Katie Evans and Lee Griffiths
Cardiff and Vale University Health Board
Clozapine is the gold standard treatment for treatment resistant Schizophrenia, people who develop intolerable neurological side-effects with other antipsychotics and psychosis in Parkinson’s disease. A side effect; Clozapine Induced Gastrointestinal Hypomotility (CIGH) is defined by slow gastrointestinal transit and can affect up to 80% of people prescribed clozapine. CIGH is most often associated with constipation, but symptoms can vary in severity from dyspepsia to severe and potentially life-threatening complications such as faecal impaction, paralytic ileus and intestinal obstruction. Between 1992 and 2017 there were there 527 cases of potentially harmful CIGH cases reported to the MHRA, with 172 of these cases resulting in death.
Patient reported symptoms and use of rating scales have poor detection sensitivity and this, in-part, may be due to clozapine’s anti-serotonergic activity impairing gut nociception. Given the proportion of patients affected, detection issues and potential severity; prophylactic laxatives have been proposed with protocol developed in New Zealand. In Cardiff and Vale, this protocol was adapted for use and has been in place since 2020/21 for all patients prescribed clozapine.

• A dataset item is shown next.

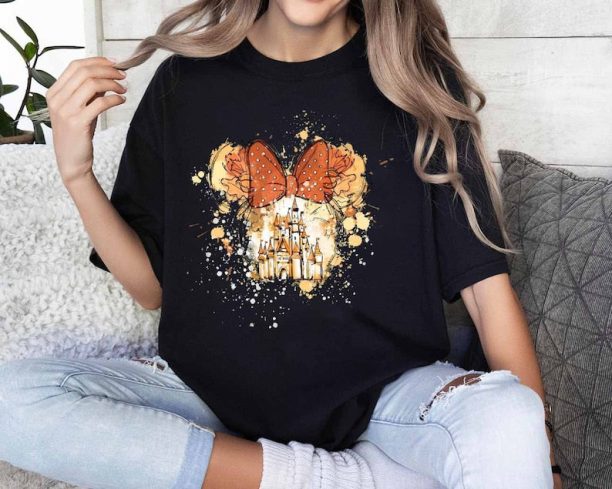 Disney Minnie Mouse Bow Shirt, Disney Castle Minnie Shirt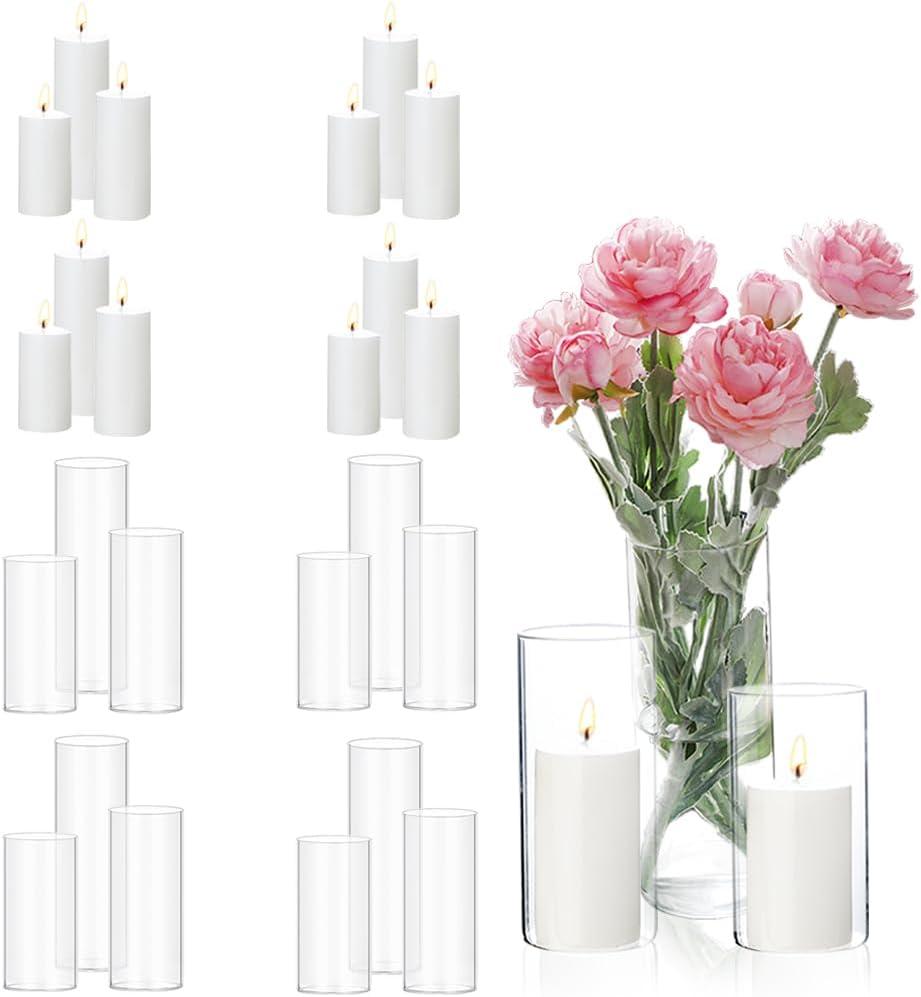 24 Pcs White Pillar Candles and Glass Candle Holders, Clear Cylinder Vases Pillar Candle Holders for Pillar Candles, Hurricane Candle Set for Wedding Party, Event, Home Office Decor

This project aims to evaluate the use of the Cardiff and Vale Clozapine Constipation protocol with a view to develop an all-Wales protocol for prophylactic laxatives use in this patient group.
This will be undertaken by assessing the uptake of the clozapine constipation pathway to practice and attaining feedback from patients and clinicians who have experienced its use. The result of the above, the evolving evidence base and the experiences of various stakeholders nationally will then help inform the co-production of an All- Wales CIGH Prevention and Treatment Laxative Protocol.
The anticipated benefit is to reduce the risk of CIGH for people prescribed clozapine in Wales.